**TO DO:** In the records below, the part to copy starts at the line containing "Where the Creek Meets the River Where" and goes to the last line; output it exactly, without pictures.

**DATA FOR PROCESSING:**
Content starts

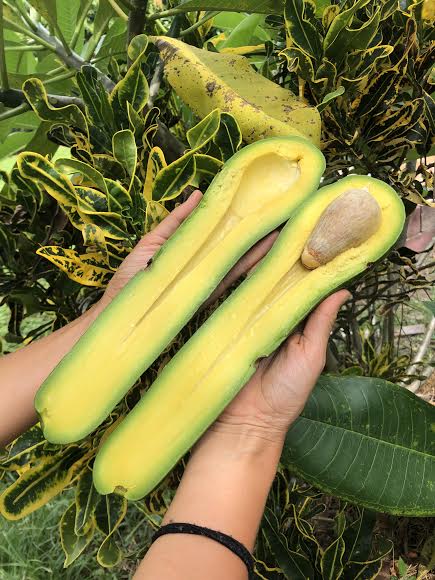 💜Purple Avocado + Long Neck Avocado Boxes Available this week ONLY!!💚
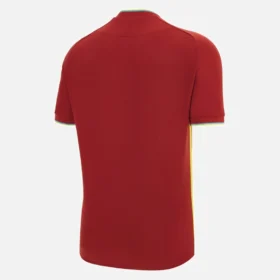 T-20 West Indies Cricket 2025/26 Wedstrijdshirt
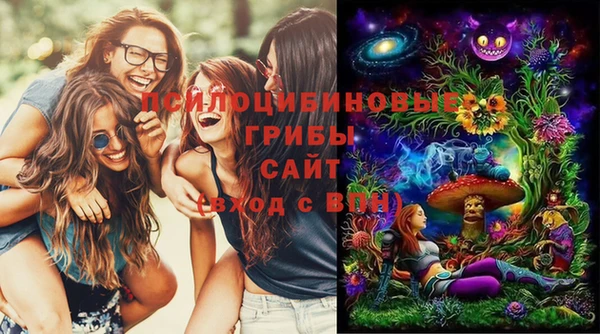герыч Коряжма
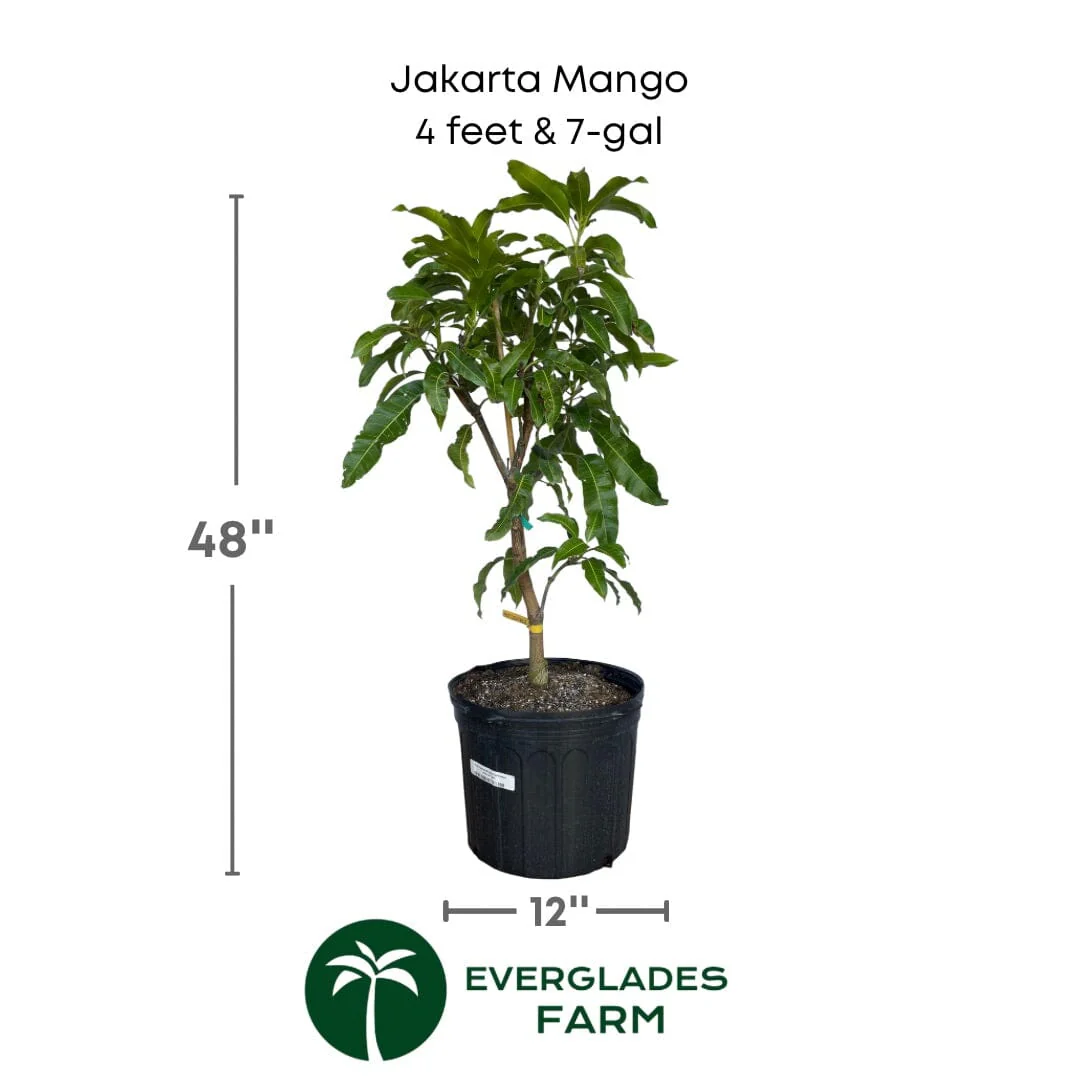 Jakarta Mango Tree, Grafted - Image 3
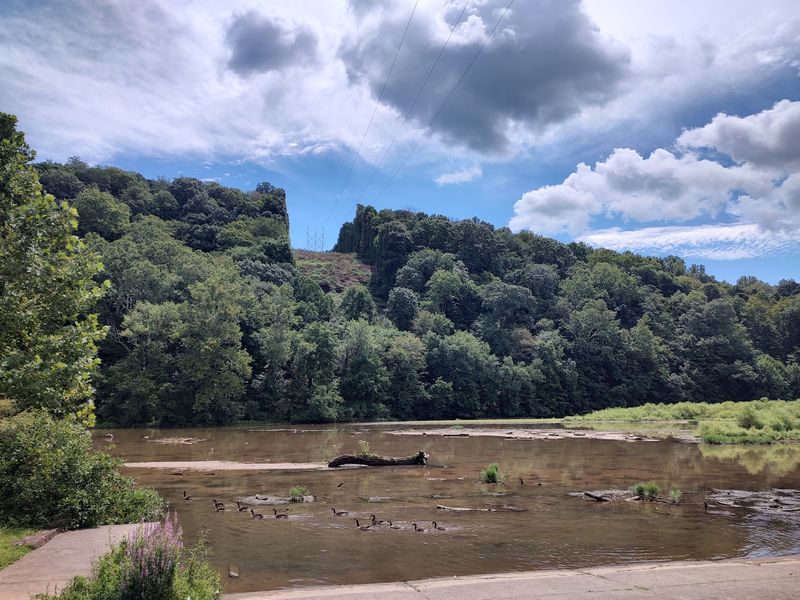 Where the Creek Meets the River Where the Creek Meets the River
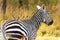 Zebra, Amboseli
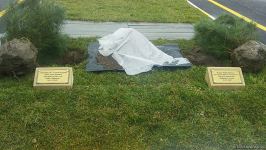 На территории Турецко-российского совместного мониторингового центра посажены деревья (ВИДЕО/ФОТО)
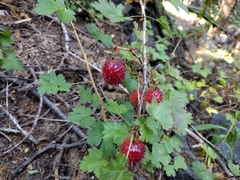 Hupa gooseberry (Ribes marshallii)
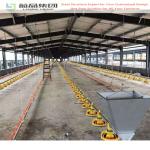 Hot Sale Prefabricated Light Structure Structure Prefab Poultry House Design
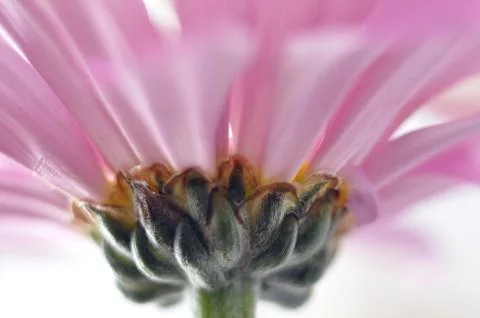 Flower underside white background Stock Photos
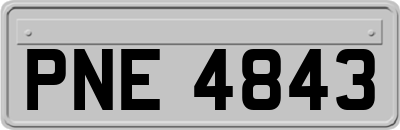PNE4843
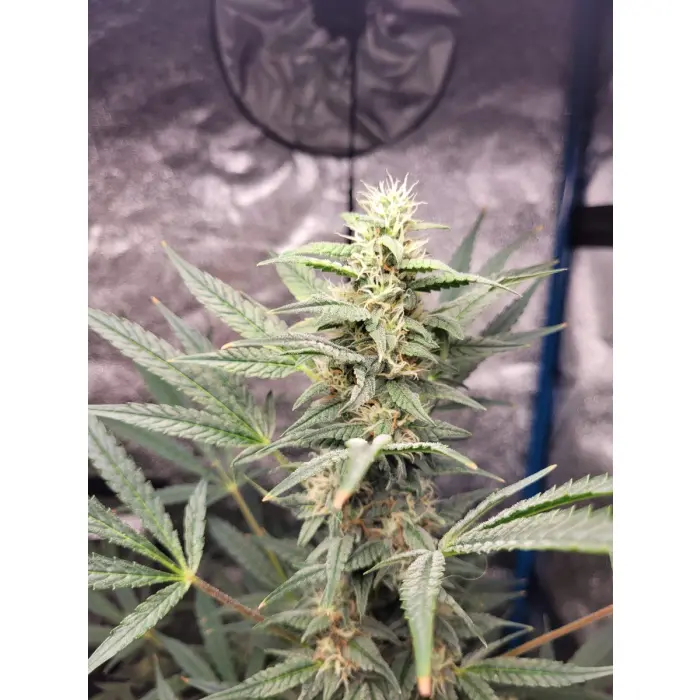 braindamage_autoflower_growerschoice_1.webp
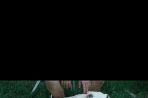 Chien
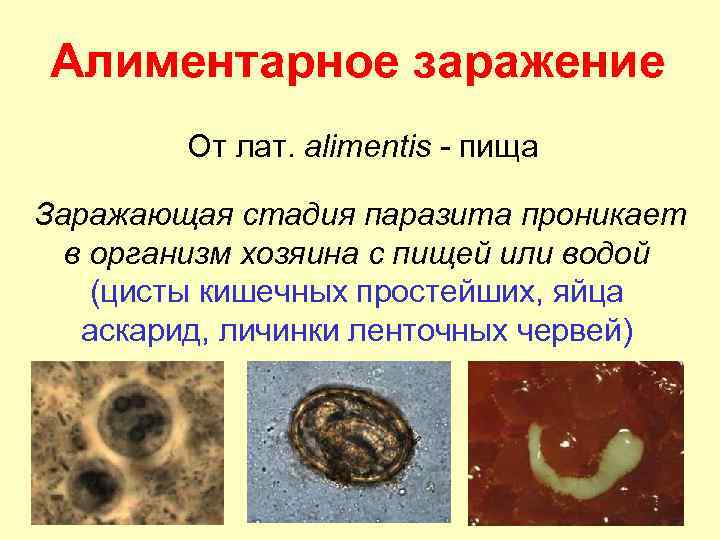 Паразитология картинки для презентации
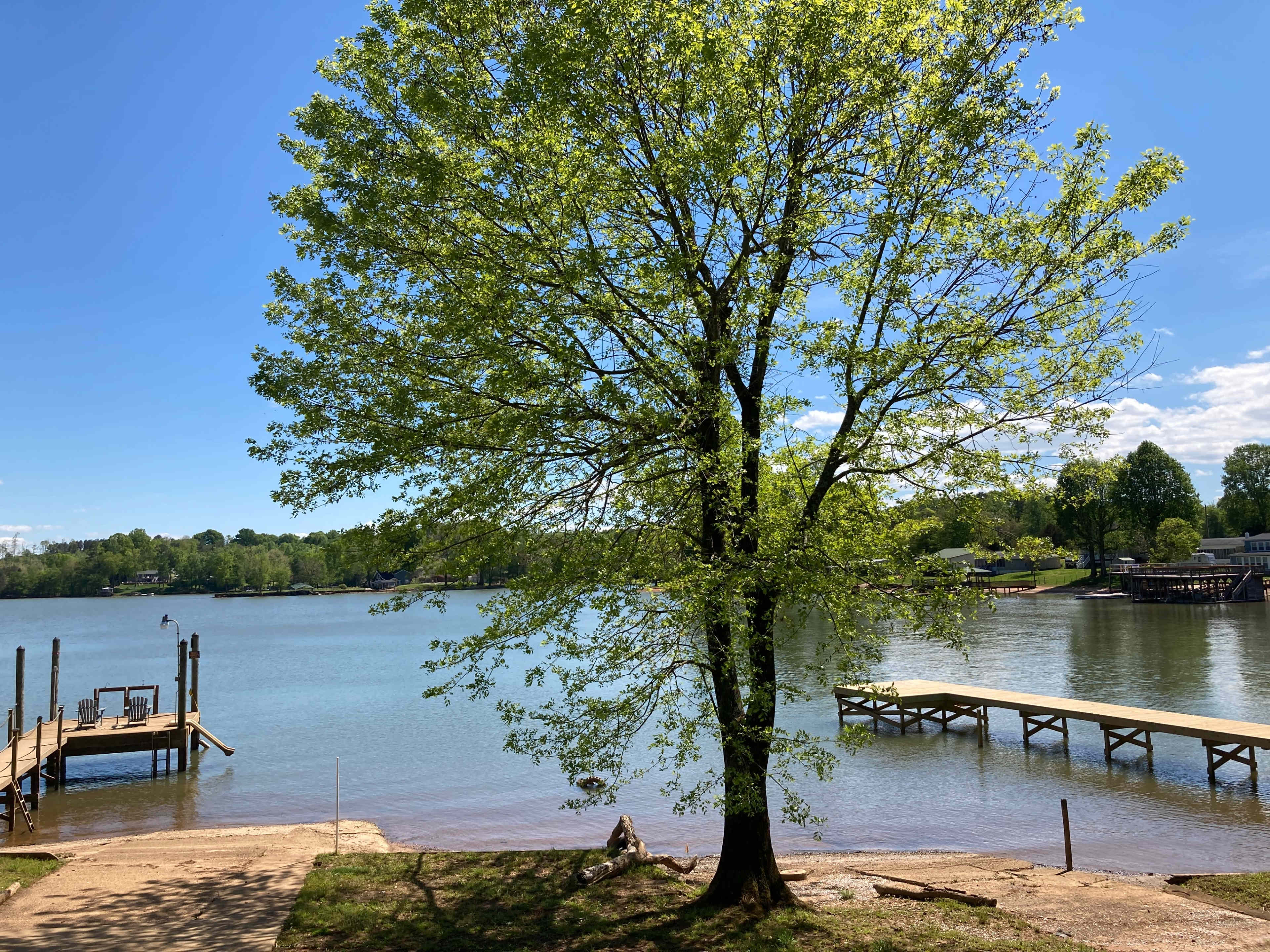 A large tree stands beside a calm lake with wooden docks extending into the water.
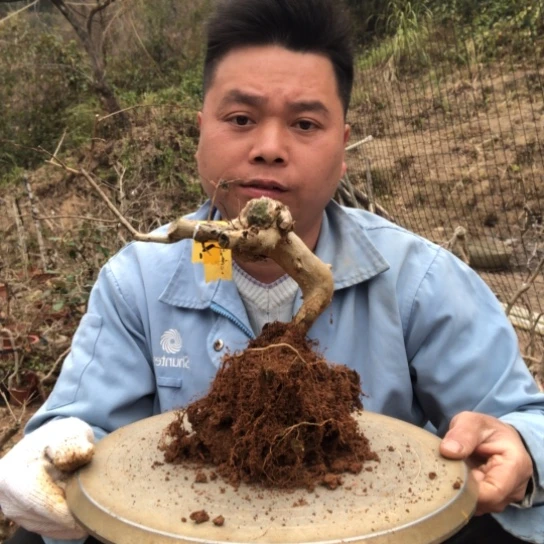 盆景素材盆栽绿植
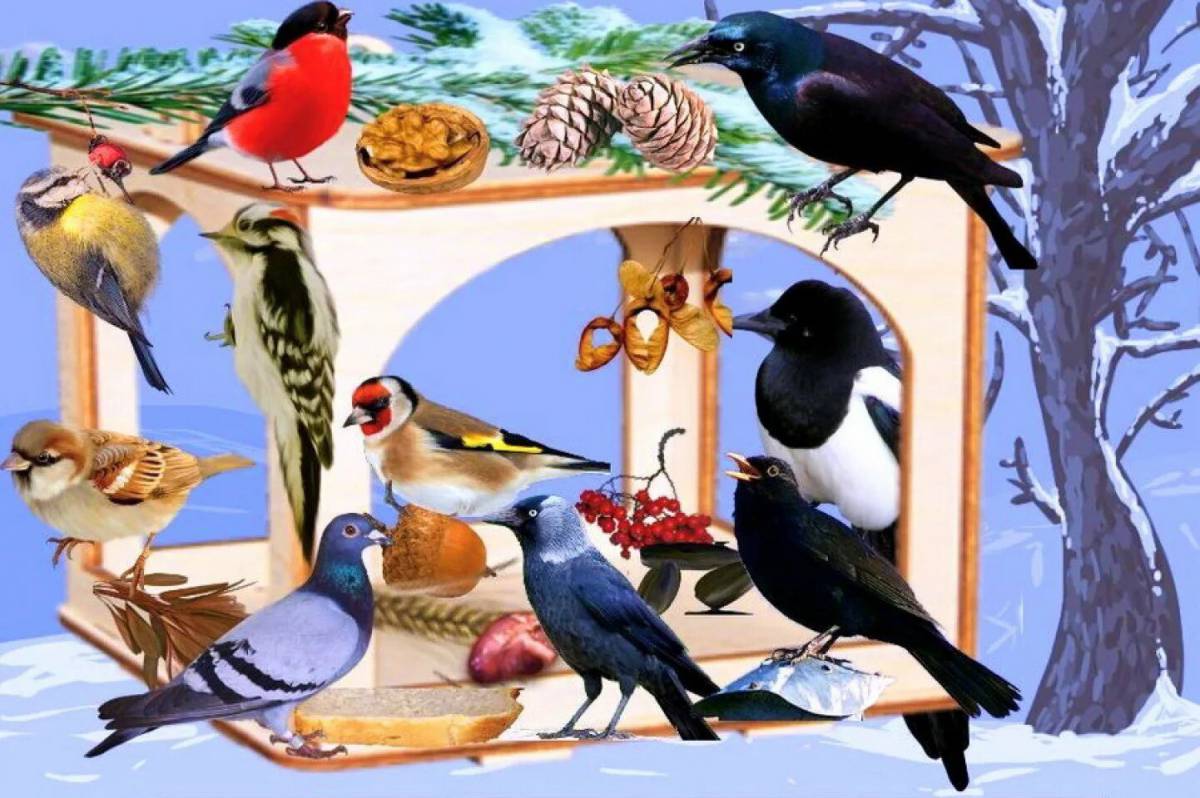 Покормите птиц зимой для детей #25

Content ends

**TASK RESULT:**
 Where the Creek Meets the River Where the Creek Meets the River
 Zebra, Amboseli
 На территории Турецко-российского совместного мониторингового центра посажены деревья (ВИДЕО/ФОТО)
 Hupa gooseberry (Ribes marshallii)
 Hot Sale Prefabricated Light Structure Structure Prefab Poultry House Design
 Flower underside white background Stock Photos
PNE4843
 braindamage_autoflower_growerschoice_1.webp
 Chien
 Паразитология картинки для презентации
 A large tree stands beside a calm lake with wooden docks extending into the water.
 盆景素材盆栽绿植
 Покормите птиц зимой для детей #25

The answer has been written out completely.